§ **To do**
Every line below needs to be transcribed without alteration, and no image may be carried over.

§ **Exercise data**
---

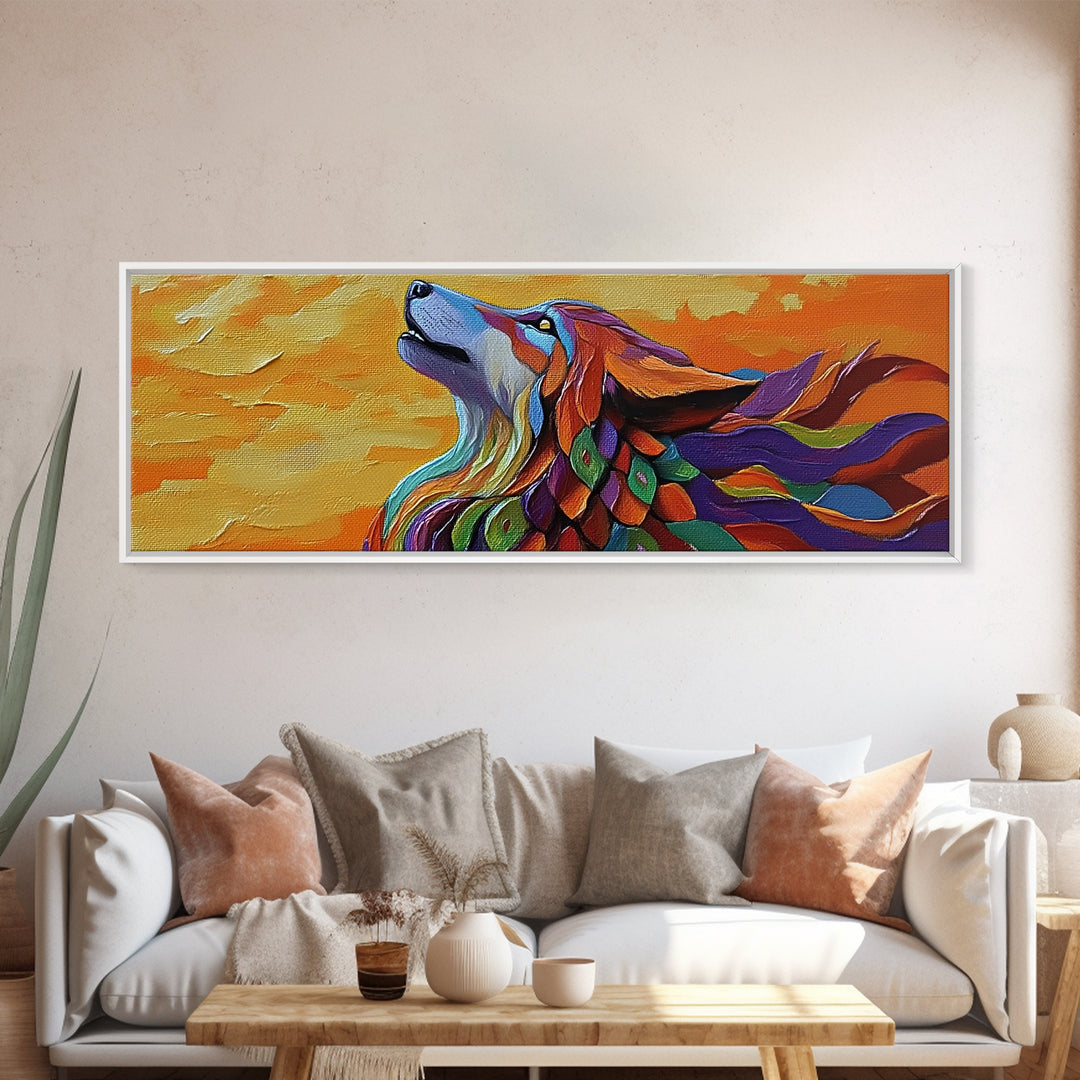 Colorful Wolf, Spirit Animal, Autumn Sky, Boho Vibes, Framed Canvas Print, Eclectic Wall Art, Bedroom Accent, Mystical Animal Painting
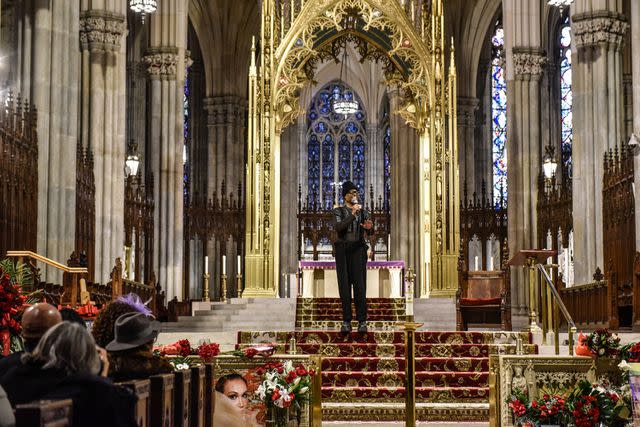 <p>Stephanie Keith/Getty</p> Billy Porter sings at the funeral of transgender community activist Cecilia Gentili at St. Patrick's Cathedral on Feb. 15, 2024 in New York City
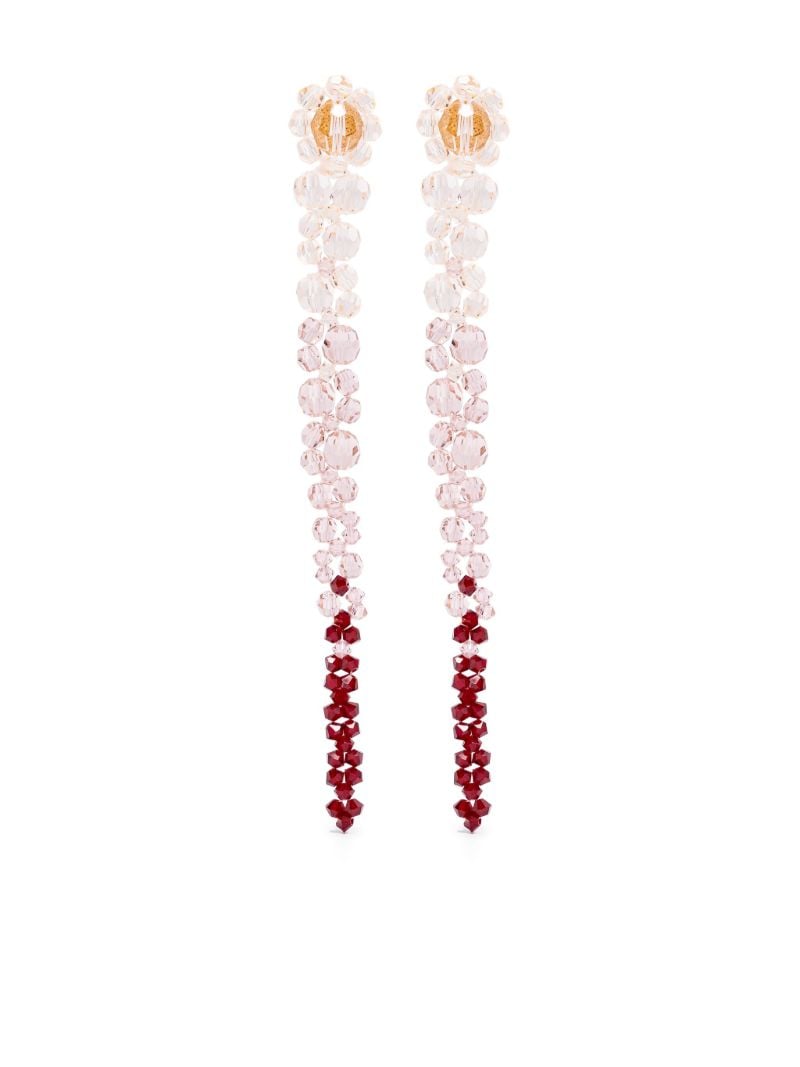 Pink Crystal-embellished Drop Earrings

---

§ **Task result**
 Colorful Wolf, Spirit Animal, Autumn Sky, Boho Vibes, Framed Canvas Print, Eclectic Wall Art, Bedroom Accent, Mystical Animal Painting
 <p>Stephanie Keith/Getty</p> Billy Porter sings at the funeral of transgender community activist Cecilia Gentili at St. Patrick's Cathedral on Feb. 15, 2024 in New York City
 Pink Crystal-embellished Drop Earrings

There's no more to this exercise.